Skip every picture, then write out exactly the lines of the listing below from the line that contains "Now we're ready" through the final line.

Recorded information
__________________________________________________

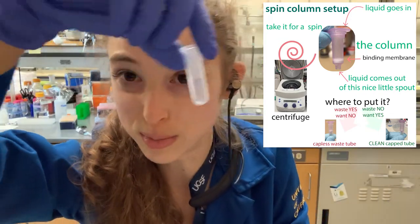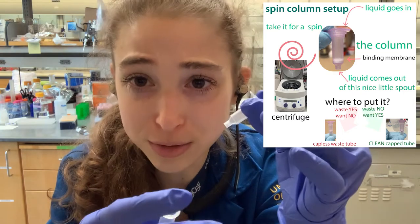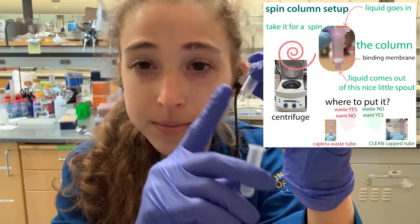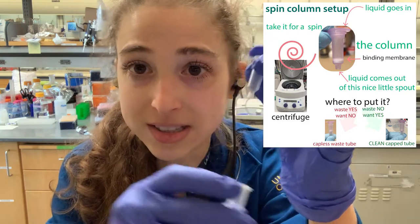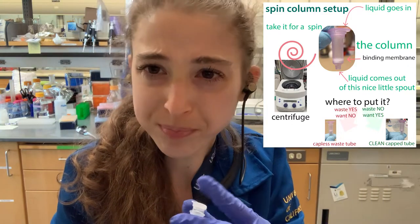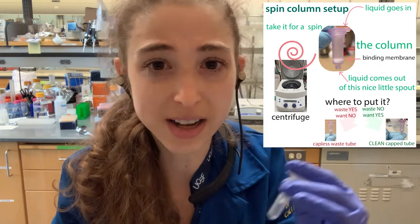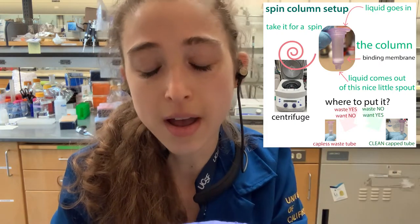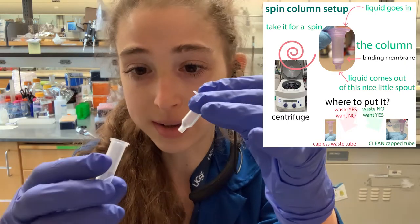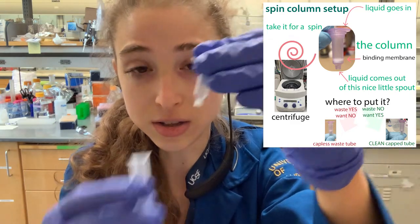This is why for wash steps you use a disposable base that you can discard, but when you elute, you put the column into a nice clean tube. If you have gunk on the outside of your concentrator or column, you're putting it back into that gunk. This is especially important for mini preps, where you could potentially have contaminating DNA from bacteria.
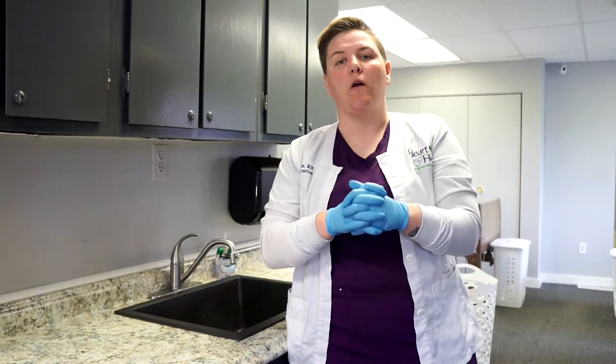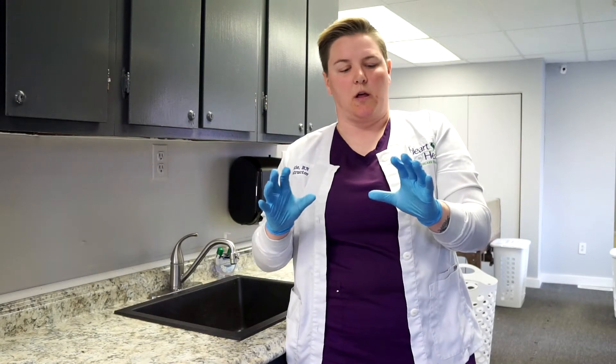Now we're ready to remove our gloves. When removing gloves, we want to do this in a very cautious fashion. We want to make sure we're not touching our skin with the outside of our gloves, because there's a lot of bacteria or microorganisms on these gloves.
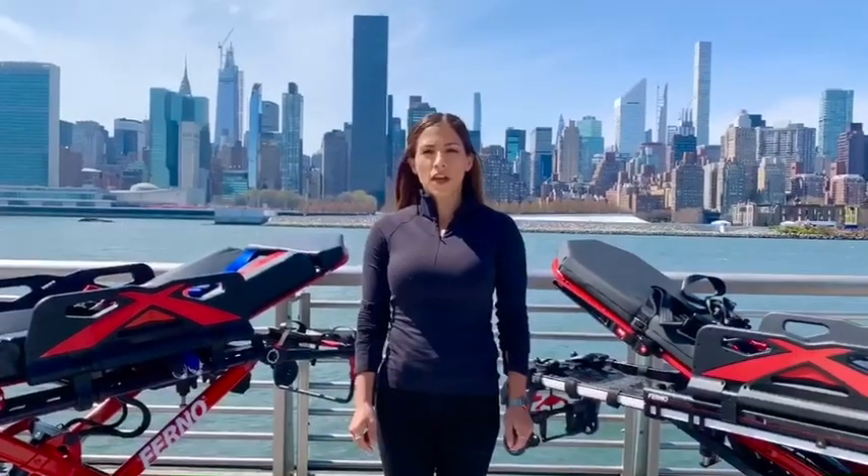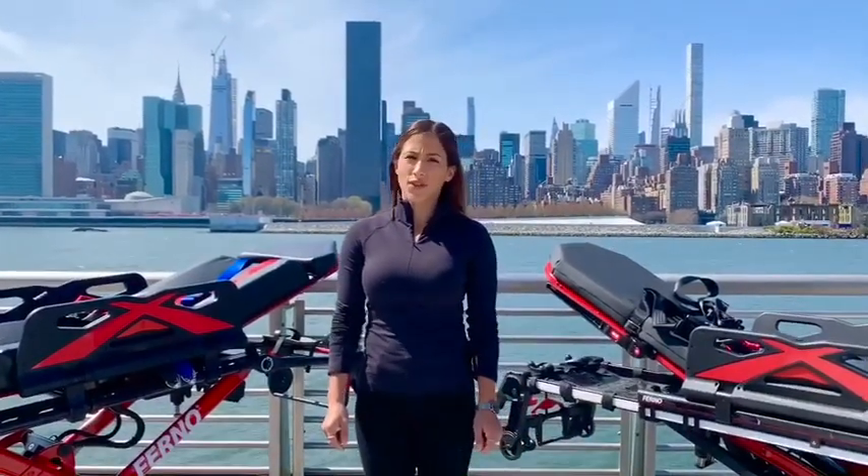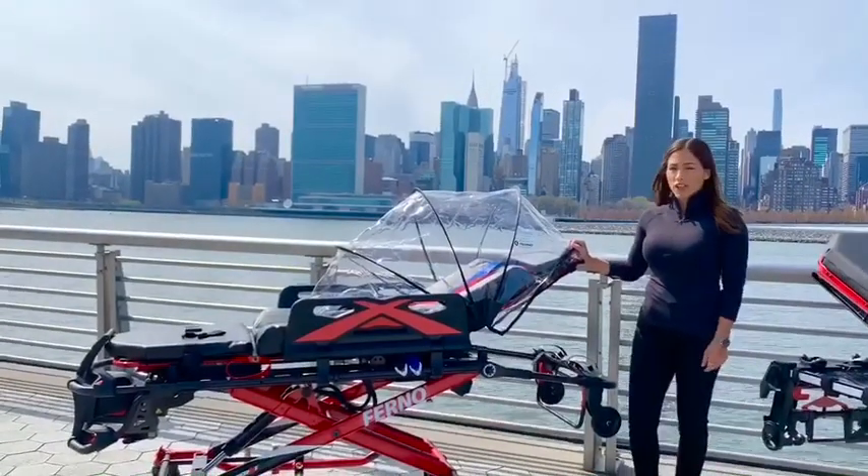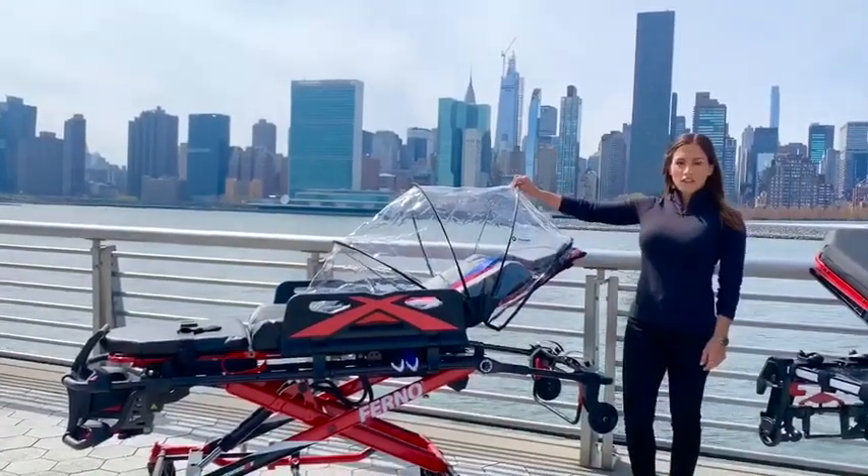Since 1955, Ferno has been creating solutions to increase your efficiency and keep you both — you and your patients — safe in any situation. Today I'm going to show you one of our cot stretcher accessories: Ferno's COVID Patient Shield.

__________________________________________________

Result of this exercise
Now we're ready to remove our gloves. When removing gloves, we want to do this in a very cautious fashion. We want to make sure we're not touching our skin with the outside of our gloves, because there's a lot of bacteria or microorganisms on these gloves.
Since 1955, Ferno has been creating solutions to increase your efficiency and keep you both — you and your patients — safe in any situation. Today I'm going to show you one of our cot stretcher accessories: Ferno's COVID Patient Shield.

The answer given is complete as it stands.